S'agissant des populations qui sont en exil. Certaines sont effectivement particulièrement ravies de la présence de Daech en Libye. Elles disent en substance « c'est bien fait pour eux », tout en souhaitant que les puits de pétrole ne tombent pas entre les mains de Daech. Et pouvoir un jour quitter leur exil.
Là encore il ne s'agit pas d'adhésion, mais d'une satisfaction morale pour toutes les exactions subies. Pour leur soutien durant la révolte, cette population a dû fuir la Libye, en raison des nombreuses exactions subies. Leurs maisons ont été volées et occupées, incendiées, certains ont été emprisonnés, torturés ou le sont toujours, ils ont perdu leur travail, leurs enfants n'ont pas été éduqués.
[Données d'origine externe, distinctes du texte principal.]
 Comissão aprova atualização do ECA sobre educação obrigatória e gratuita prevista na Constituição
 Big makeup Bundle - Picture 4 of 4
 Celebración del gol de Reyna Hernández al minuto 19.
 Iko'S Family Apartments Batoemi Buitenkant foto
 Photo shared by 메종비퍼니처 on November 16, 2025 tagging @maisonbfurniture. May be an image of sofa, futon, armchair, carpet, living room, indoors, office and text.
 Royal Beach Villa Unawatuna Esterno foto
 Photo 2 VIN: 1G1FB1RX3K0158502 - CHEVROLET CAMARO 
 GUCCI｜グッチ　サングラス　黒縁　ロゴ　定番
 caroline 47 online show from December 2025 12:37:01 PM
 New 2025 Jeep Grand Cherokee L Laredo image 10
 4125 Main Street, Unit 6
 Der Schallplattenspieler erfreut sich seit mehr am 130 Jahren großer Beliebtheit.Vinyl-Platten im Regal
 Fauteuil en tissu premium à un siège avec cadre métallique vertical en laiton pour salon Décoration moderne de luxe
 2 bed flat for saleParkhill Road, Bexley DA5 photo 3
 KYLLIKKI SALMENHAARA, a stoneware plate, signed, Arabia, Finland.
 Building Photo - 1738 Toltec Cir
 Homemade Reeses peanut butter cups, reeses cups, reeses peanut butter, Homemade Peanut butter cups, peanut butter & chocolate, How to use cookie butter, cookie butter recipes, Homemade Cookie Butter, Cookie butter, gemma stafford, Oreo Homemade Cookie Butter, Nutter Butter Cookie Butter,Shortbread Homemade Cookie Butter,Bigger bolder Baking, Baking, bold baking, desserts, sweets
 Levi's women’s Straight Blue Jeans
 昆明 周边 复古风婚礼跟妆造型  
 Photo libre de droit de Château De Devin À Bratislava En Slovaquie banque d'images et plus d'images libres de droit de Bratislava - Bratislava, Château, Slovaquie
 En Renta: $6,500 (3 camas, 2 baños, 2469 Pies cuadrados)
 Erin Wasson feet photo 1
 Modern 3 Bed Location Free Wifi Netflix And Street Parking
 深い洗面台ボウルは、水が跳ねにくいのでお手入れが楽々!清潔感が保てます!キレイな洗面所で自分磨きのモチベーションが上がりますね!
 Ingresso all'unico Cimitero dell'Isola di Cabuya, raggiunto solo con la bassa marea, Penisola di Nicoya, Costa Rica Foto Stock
Ils sont, par ailleurs, considérés comme des hors la loi en raison de leur participation aux côtés de Kadhafi, certains n'ont même plus de pièce d'identité. Et ils rencontrent, depuis peu de temps, des difficultés financières même s'ils ne l'avouent pas. De surcroît, ils craignent d'être mis, notamment, hors de Tunisie, où on constate leur plus grande concentration, les tunisiens ayant de plus en plus de mal à supporter cette cohabitation. Ils se demandent, en conséquence, où ils pourront aller. Etant considérés hors la loi, surtout par la communauté internationale envers qui ils enragent, ils pourraient n'entrevoir, surtout les jeunes, le temps passant, qu'une solution : la Libye et Daech...
Parmi ces exilés, il faut aussi compter les brigades spéciales de Kadhafi, pour ce qu'il en reste, qui ont combattu à ses côtés, mais aussi l'armée nationale qui a combattu contre Kadhafi et qui a été pourchassée, comme les premiers, par les islamistes et les milices.
Si pour l'instant, on ne constate aucun ralliement réels parmi ces nombreux groupes -mais il serait inexacte de dire qu'il n'y a pas déjà des éléments qui l'ont rejoint-, il n'empêche que le temps passant, cette population, aujourd'hui, farouchement anti-daech, pourrait constituer une bombe à retardement que les futures autorités, si elles devaient se constituer, devront désamorcer avec toutes les difficultés que cela comporte. Hafter a déjà promis l'armistice à certains officiers qui ont combattu aux côtés de Kadhafi et qui sont restés en Libye, en contrepartie de leur ralliement.
Où en est l'armée nationale de Hefter ?
Toujours aux portes de Tripoli. Hefter, comme il l'a fait dans l'Est, négocie donc à l'Ouest. Et des combats se sont engagés entre certaines milices à Tripoli qui n'appartiennent pas au camp de Hefter.